Top of Supplied information
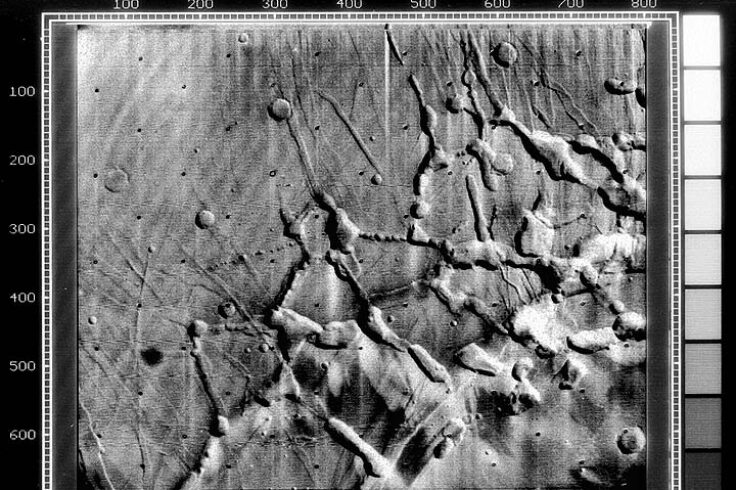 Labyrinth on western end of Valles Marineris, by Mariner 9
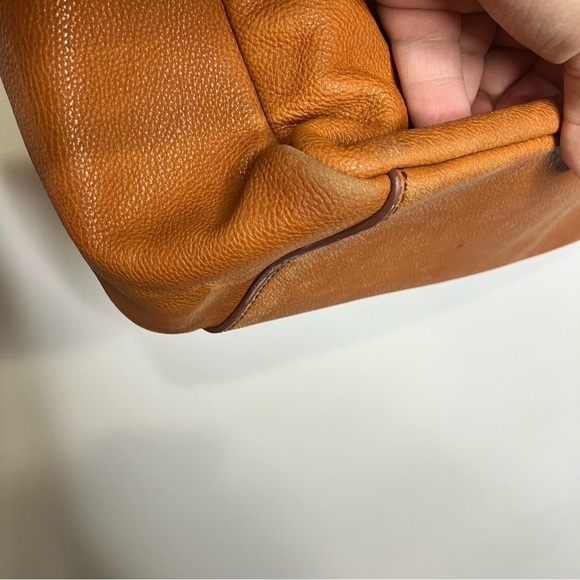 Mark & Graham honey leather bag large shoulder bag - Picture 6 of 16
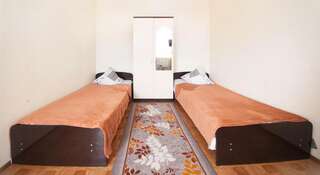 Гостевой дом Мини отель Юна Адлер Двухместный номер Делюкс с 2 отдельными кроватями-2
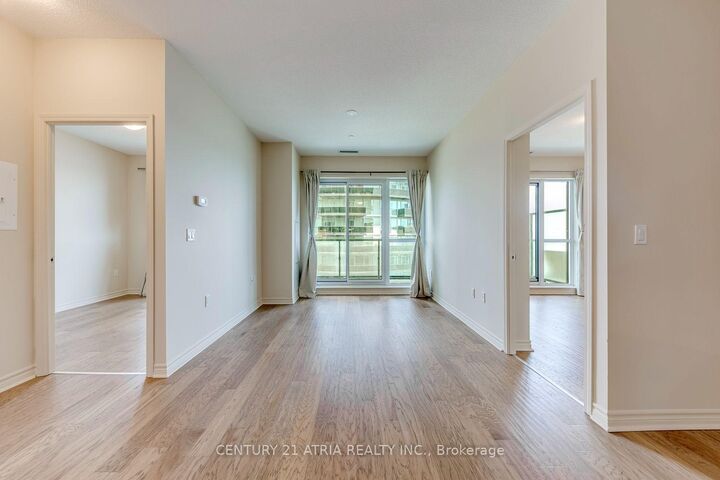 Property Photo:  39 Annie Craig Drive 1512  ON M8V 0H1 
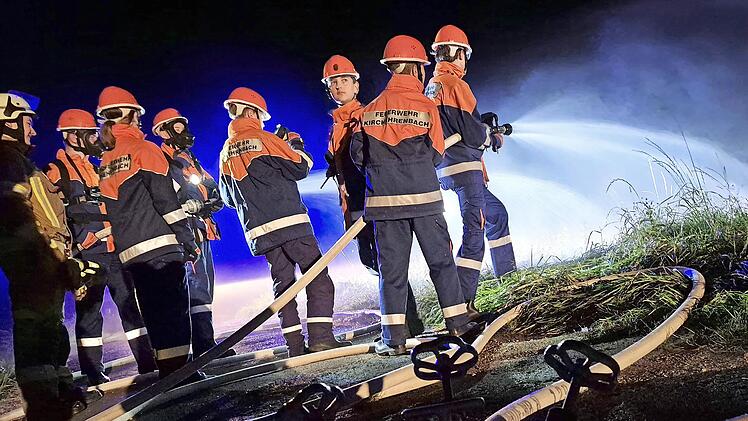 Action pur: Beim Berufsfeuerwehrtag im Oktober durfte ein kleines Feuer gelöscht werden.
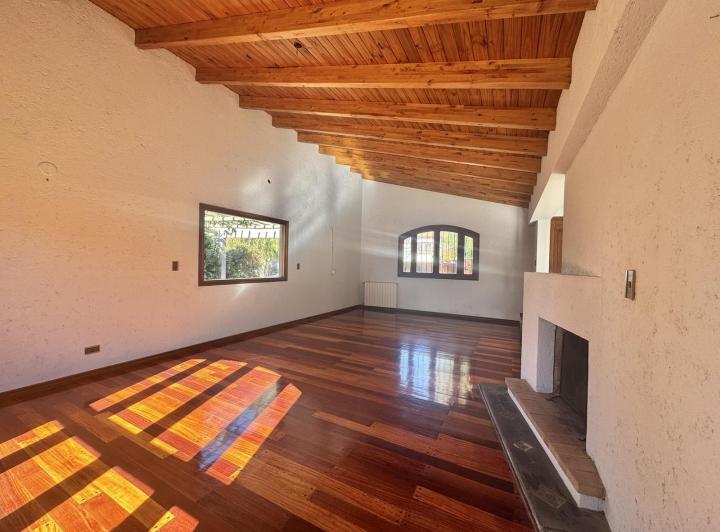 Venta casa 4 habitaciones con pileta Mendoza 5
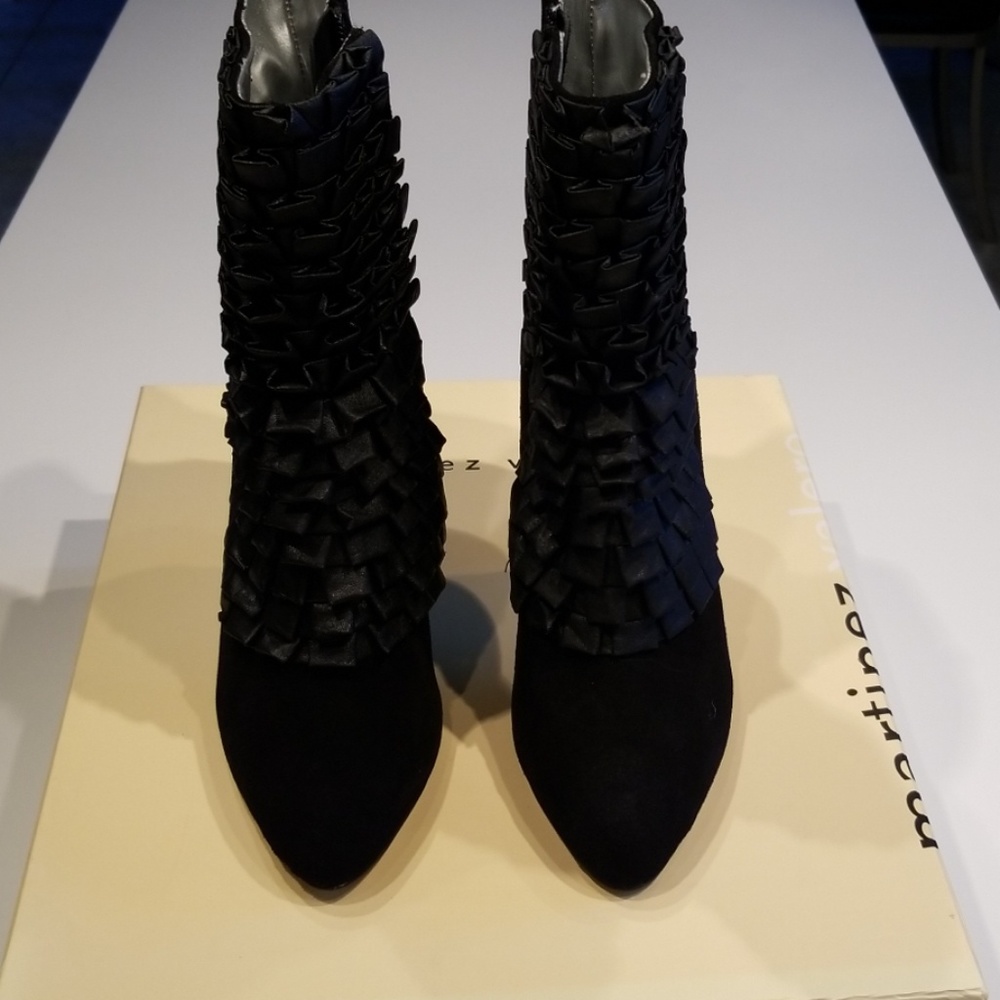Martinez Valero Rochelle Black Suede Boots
Bottom of Supplied information
Top of Supplied information
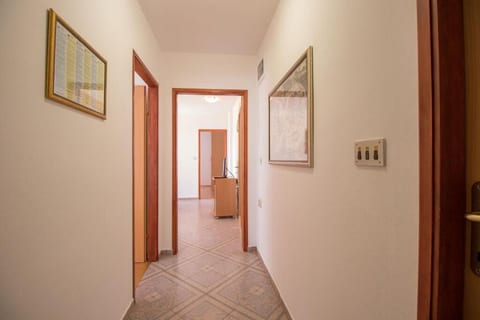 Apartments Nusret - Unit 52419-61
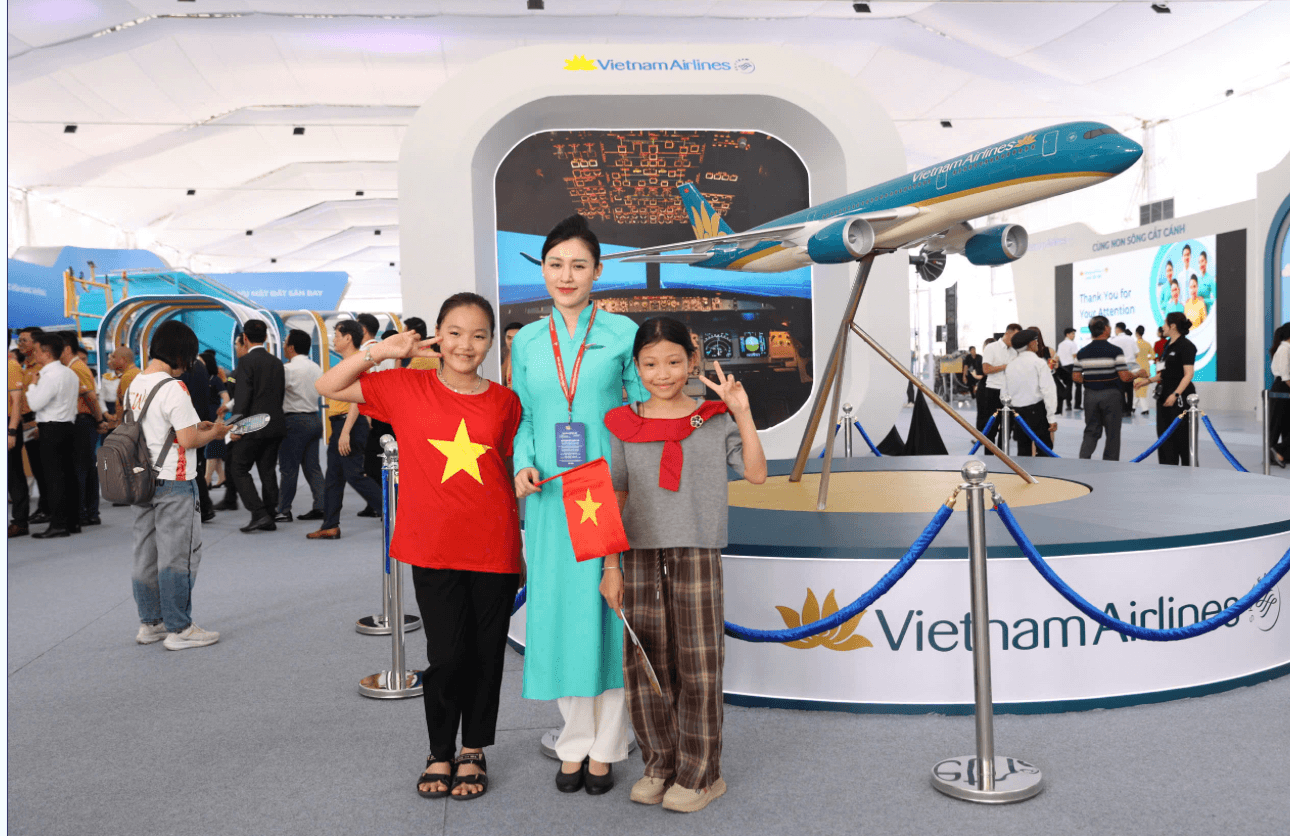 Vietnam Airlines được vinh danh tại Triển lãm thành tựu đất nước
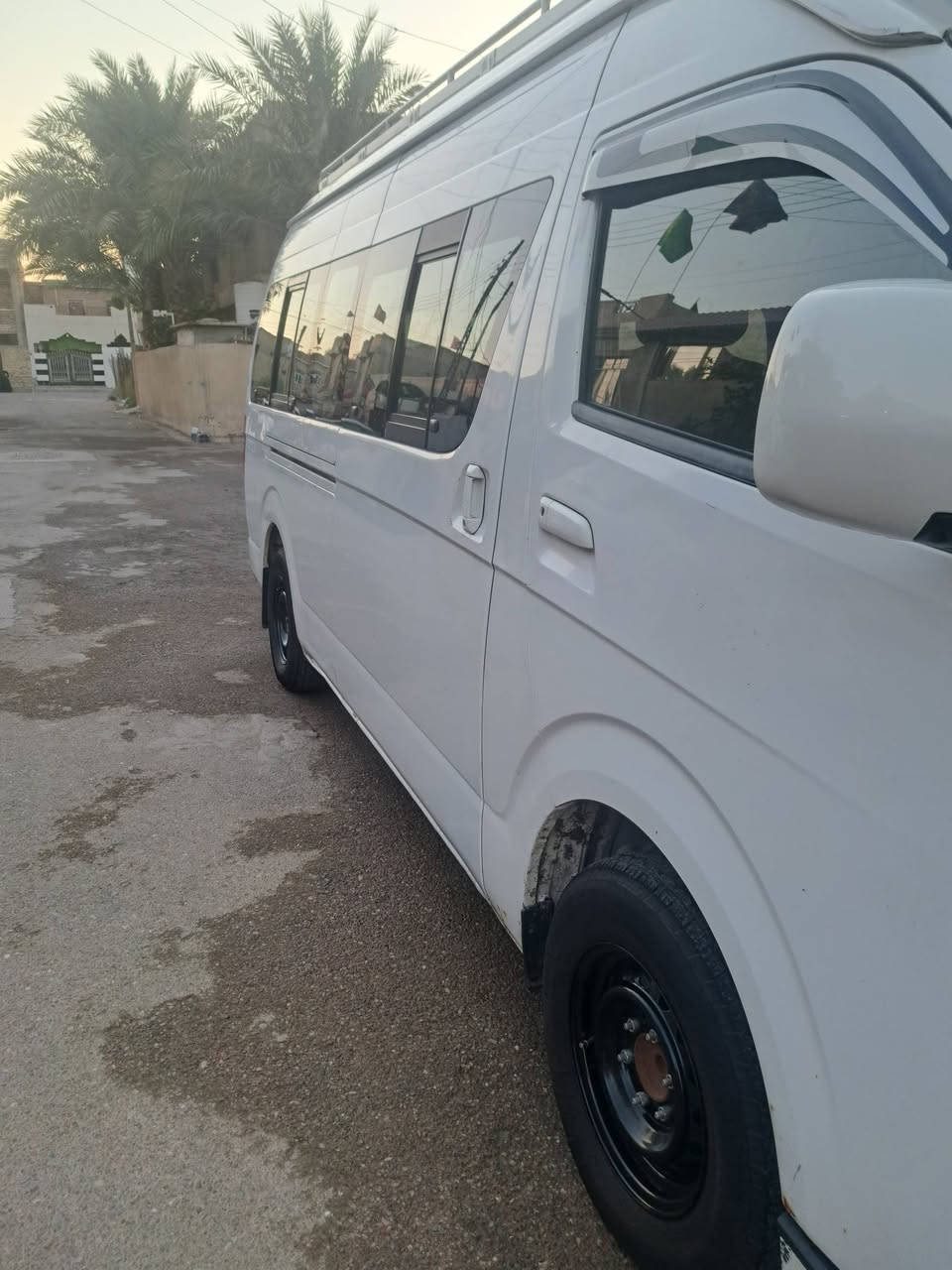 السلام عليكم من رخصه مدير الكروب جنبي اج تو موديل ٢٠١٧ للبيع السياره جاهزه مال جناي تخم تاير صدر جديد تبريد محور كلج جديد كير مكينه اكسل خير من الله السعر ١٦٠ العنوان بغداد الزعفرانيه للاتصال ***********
Bottom of Supplied information
**The task**: Nothing but the lines above from the line with "Гостевой дом Мини" up to and including the line with "Martinez Valero Rochelle Black Suede Boots" should be returned, exactly as written and without pictures.

**Task solution**:
 Гостевой дом Мини отель Юна Адлер Двухместный номер Делюкс с 2 отдельными кроватями-2
 Property Photo:  39 Annie Craig Drive 1512  ON M8V 0H1 
 Action pur: Beim Berufsfeuerwehrtag im Oktober durfte ein kleines Feuer gelöscht werden.
 Venta casa 4 habitaciones con pileta Mendoza 5
Martinez Valero Rochelle Black Suede Boots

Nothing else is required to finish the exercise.